Thanks for your help @phillxnet! I’ll have a closer look online and see if there’s something else to do. I’m just glad nothing seems to be wrong… not at first glance at least.

Noggin · November 29, 2020, 2:26am

@Flox Did you ever get this sorted? I’m now in the same situation.

I had some files copying from my laptop to the Roskstor system. I got up and walked away. My wife alerted me that Plex had stopped working, so I went to check on the server. It didn’t respond to pings. I hit the power button on the system to do a shutdown, but nothing happened after 30 minutes. I force power cycled it.

It started up, Plex was happy for a few minutes then it died again. No respond to pings or the web interface. I dug up another Ethernet cable and plugged it into my IPMI port (we just moved to anew house a month ago, still getting things unpacked and set up) and started a session. The IPMI web page responded, but the IPMI application couldn’t connect to a session.
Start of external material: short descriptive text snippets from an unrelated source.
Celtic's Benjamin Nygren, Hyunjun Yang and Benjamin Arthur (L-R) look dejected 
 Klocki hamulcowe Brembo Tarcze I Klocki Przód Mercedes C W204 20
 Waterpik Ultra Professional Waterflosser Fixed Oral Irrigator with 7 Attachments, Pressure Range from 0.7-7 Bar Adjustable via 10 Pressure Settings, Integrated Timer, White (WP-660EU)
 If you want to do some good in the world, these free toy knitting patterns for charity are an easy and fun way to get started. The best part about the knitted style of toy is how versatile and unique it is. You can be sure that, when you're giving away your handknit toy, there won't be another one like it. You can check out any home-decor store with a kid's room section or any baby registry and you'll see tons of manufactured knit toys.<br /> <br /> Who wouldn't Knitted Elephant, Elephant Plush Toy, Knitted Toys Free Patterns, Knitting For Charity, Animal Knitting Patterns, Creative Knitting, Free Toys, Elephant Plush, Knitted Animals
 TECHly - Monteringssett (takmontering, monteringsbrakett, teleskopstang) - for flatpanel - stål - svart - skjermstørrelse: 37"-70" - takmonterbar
So, yet again, I forced a power cycle.

This time, everything came up and stayed up and is happy, expect that I’m getting parent transid verify errors.

Edit: System died again overnight. There’s no response to pings. I can open an IPMI session, but I don’t get any response on it. Just see lots of ‘Parent transid’ errors which is what was showing when it crashed. Software shutdown on IPMI doesn’t work either. I can’t figure out a way to hold left Alt and Print Screen over IPMI so I can’t do a REISUB shutdown. I found another post that said to run a scrub to fix the transid error, but I suspect the transid error is a side effect of these lockups, not the cause of them. I think I should start a new thread.